Poster Session P3.8 Precipitation and microphysical characteristics of objectively derived MSC regimes

Monday, 6 August 2007
Halls C & D (Cairns Convention Center)
Mick Pope, BMRC, Melbourne, Vic., Australia; and C. Jakob and M. J. Reeder

Handout (83.2 kB)

Instruments on the Tropical Rainfall Measuring Mission (TRMM) satellite have been used to study the precipitation (using the Precipitation Radar) and microphysical characteristics (using the Lightning Imaging Sensor and TRMM Microwave Imager) of precipitation features. The polar orbit of TRMM means that mesoscale convective systems (MCS) are rarely sampled more than once. Geostationary Infrared (IR) studies have been used to study MCS, including their life cycle and dynamics. However, IR only studies are limited, the poor relationship between cloud top temperature and rainfall being well noted in the literature.
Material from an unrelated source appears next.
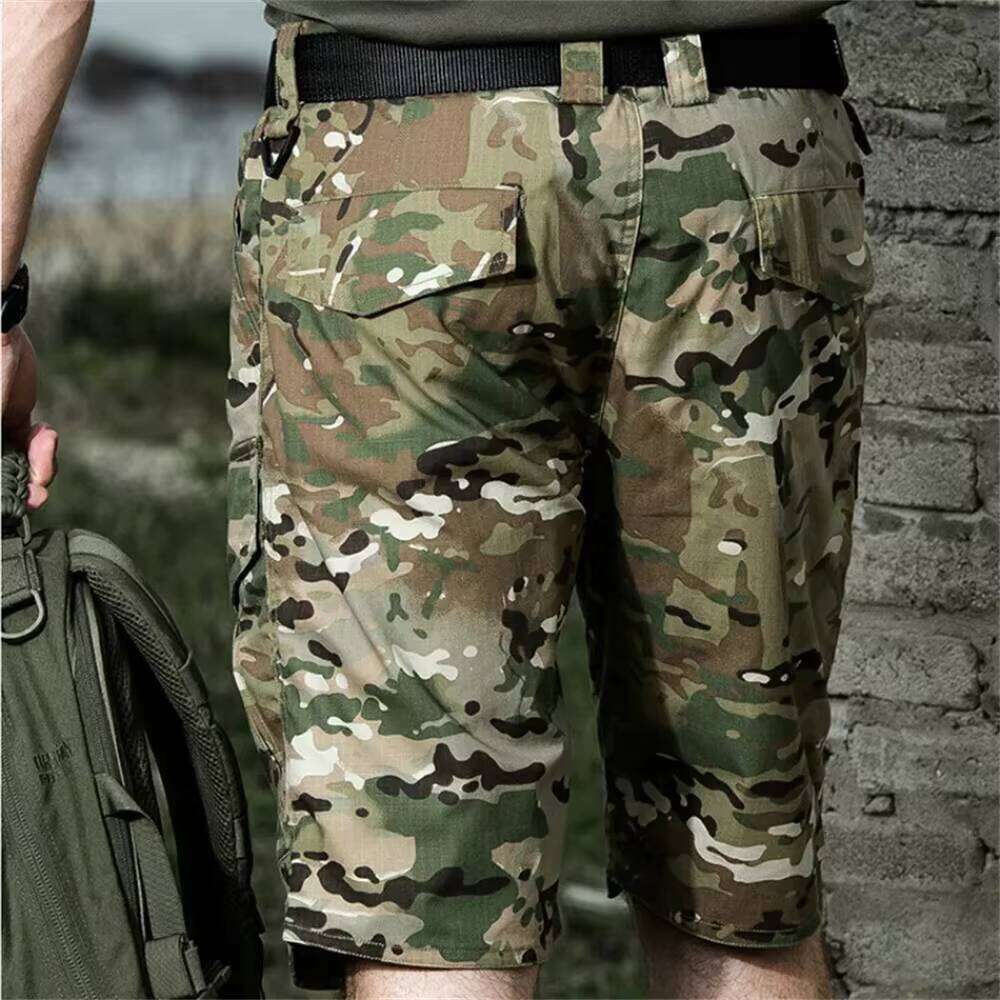 Summer Waterproof Tactical Flat Bottom Hunting Clothes Cargo Shorts Camouflage Men's Pants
This study reports on the comparison between objectively derived MCS regimes and TRMM data using the University of Utah TRMM database. The MCS regimes are derived by K-means cluster analysis using the Japanese Meteorological Agency GMS5 IR1 channel over the Maritime Continent, for the 1998-99 to 2000-2001 monsoon seasons (September to April). Four regimes are identified, short-lived MCS, long-lived MCS and intermediate lifetime MCS propagating eastward and westward. A composite lifecycle of precipitation and microphysics is built up, and the difference between each regime and continental/maritime MCS are studied.